Amen. But how would this legislation be seen from the perspective of the "liberal" perversion of the First Amendment? Eight days later, Newsday printed this letter:
The Rev. William Murphy charges that the state Senate's Women's Wellness Act interferes with the freedom of religion.
But this misrepresents the bill, which simply requires that employers include contraception and other essential women's health care services in their comprehensive health plans....
In fact, the bill restores the separation of church and state in the insurance market. It has become common practice for employers and insurance companies that claim a religious affiliation to deny insurance coverage for basic health care services on religious grounds, even when most of their customers and employees are not of the faith. When a religious institution hires and serves the public primarily, it should play by the public rules. Employees of many faiths who work for religious charities, for example, and serve the public should not have their employers' religion dictate their health benefits.
The Senate bill properly respects free exercise of religion. It also recognizes that the Constitution will not tolerate the state's establishment of religion -- a principle Murphy fails to appreciate.
Observe what is necessary to bring a minimum of coherence to the argument: an equivocation between "the public primarily" -- the private citizens who work for or patronize these private institutions -- and "the public rules" -- the dictates that government wants to force upon these private parties. The bill "restores the separation of church and state in the insurance market" only in the sense that when the "State" invades that market, the "Church" must go -- state imperialism in practice. Observe also the real motive: the dubious insulation of employees from what Leftism labels the "economic power" of employers. In practical terms, prospective employees who don't like the benefits package offered by a religious employer will flock to his secular competitors -- something that millions of people do every day. (Conversely, there are many religious "customers and employees" who very much want a company that reflects their values -- something that "progressives" have no problem understanding when it involves their values.) Finally, observe the fundamental principle: Socialist imperatives supersede civil liberties -- déjà vu encore une fois.

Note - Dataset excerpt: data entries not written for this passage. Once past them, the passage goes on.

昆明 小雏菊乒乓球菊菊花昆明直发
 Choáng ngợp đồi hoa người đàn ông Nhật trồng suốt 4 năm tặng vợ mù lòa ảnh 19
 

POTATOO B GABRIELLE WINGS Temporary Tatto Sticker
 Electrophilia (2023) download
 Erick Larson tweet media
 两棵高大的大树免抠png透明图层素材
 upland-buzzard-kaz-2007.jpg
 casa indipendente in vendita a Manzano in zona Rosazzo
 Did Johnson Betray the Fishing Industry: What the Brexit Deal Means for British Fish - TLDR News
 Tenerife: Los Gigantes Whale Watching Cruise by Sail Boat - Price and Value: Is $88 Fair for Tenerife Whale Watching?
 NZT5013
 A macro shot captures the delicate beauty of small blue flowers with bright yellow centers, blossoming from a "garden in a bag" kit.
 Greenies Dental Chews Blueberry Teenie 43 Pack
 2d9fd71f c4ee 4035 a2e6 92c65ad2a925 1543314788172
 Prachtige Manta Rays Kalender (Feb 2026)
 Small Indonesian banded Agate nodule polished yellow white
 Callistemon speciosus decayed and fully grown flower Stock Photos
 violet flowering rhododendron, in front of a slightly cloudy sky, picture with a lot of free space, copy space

Oh, who wrote it? Donna Lieberman. And? The editor's note says that she "is executive director of the New York Civil Liberties Union" -- officially. Unofficially, she's just another mole of the Anti-Religious Left.
The unidentified nature of the Anti-Religious Left has actually proved to be its greatest strength -- note the increasing implicit acceptance of its premises. The Theocratic Right, because of its openness with its goals, is widely monitored and fiercely countered. The Theocratic Left, by denying that it is in any way theocratic, has been able to leap over the wall of separation (e.g., our "Social Gospel" welfare state). But the Anti-Religious Left, whose existence no one even acknowledges, has a clear path to batter down that wall. What will be left standing is a nation of socialized everything, where an American citizen, like a Soviet citizen, can practice his religion only within the confines of his own skull.